Sajen Peter, chairman of the Rubber Board, however finds comfort in the forecast of the International Rubber Study Group (IRSG) that sees the production-consumption gap narrowing to 118,000 tonnes by 2008-2009. IRSG is a forum of the world rubber industry that keeps a close tab on supply and demand of rubber.
According to Peter, the heavy south-west monsoon in Kerala has affected rubber production, though the coming months may see better yield, narrowing the shortfall. The state accounts for over 92% of India’s rubber production.
Faster economic growth in Asia that accounts for around 63% of the global consumption is proving beneficial to the sector, he said. While India held the fourth position globally in production and consumption of rubber, the country has the highest productivity of 1,879 kg per ha annually.
Over the years, it has maintained a steady share of over 8% in global production, even though the land under cultivation is just 6.4%. However, rising imports over exports had been a disturbing trend this financial year.
Between April and August this year, imports touched 33,442 tonnes, sharply higher than 24,823 tonnes in the year-ago period, while exports were 14,823 tonnes.
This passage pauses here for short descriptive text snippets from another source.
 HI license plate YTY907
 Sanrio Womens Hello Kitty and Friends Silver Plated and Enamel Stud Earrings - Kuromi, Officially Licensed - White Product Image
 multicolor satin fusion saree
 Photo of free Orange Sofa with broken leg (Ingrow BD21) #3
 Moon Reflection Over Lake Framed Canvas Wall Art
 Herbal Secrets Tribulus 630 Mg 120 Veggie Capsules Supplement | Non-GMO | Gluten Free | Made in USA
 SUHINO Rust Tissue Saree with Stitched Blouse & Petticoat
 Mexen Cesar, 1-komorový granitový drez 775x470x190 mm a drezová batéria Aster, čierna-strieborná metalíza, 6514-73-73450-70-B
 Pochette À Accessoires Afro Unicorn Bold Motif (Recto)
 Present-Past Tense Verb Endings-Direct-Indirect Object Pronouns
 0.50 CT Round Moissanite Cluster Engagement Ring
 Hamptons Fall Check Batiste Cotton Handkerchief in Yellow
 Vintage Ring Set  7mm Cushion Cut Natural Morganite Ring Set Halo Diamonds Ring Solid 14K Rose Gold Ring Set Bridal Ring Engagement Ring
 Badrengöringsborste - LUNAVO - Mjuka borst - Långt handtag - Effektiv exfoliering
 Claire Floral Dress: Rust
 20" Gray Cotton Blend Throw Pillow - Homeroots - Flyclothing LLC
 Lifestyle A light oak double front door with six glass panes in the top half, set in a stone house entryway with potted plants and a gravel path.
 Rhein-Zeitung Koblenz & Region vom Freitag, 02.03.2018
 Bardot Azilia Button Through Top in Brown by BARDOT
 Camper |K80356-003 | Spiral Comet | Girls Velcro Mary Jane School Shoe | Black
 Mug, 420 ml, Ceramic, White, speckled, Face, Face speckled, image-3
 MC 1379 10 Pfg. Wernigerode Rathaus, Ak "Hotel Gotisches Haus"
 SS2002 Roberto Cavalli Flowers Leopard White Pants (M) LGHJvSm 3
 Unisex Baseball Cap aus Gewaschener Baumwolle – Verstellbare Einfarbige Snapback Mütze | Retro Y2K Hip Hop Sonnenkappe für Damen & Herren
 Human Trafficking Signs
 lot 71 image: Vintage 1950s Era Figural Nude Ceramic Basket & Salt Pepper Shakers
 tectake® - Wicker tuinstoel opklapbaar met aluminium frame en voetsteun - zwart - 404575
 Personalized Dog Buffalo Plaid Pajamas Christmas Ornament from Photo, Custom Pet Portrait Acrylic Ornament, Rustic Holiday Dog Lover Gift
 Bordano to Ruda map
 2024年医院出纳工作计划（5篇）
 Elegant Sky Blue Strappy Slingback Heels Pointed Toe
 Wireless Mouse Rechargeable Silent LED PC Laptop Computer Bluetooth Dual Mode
Peter attributes this to the “unhealthy manipulation” in the futures market and hoarding, which resulted in “artificial increase in domestic prices” during the third quarter of 2006-07.
Prices did not fall when production reached its peak year and instead were ruling at a much higher level than the international prices. This forced the domestic tyre industry to import rubber. In fact, it has set an import target of 100,000 tonnes this financial year.
Now, domestic prices are on par with the international price of Rs88 per kg, and the import orders placed last year have started coming in. This is reflected in the higher imports during this financial year.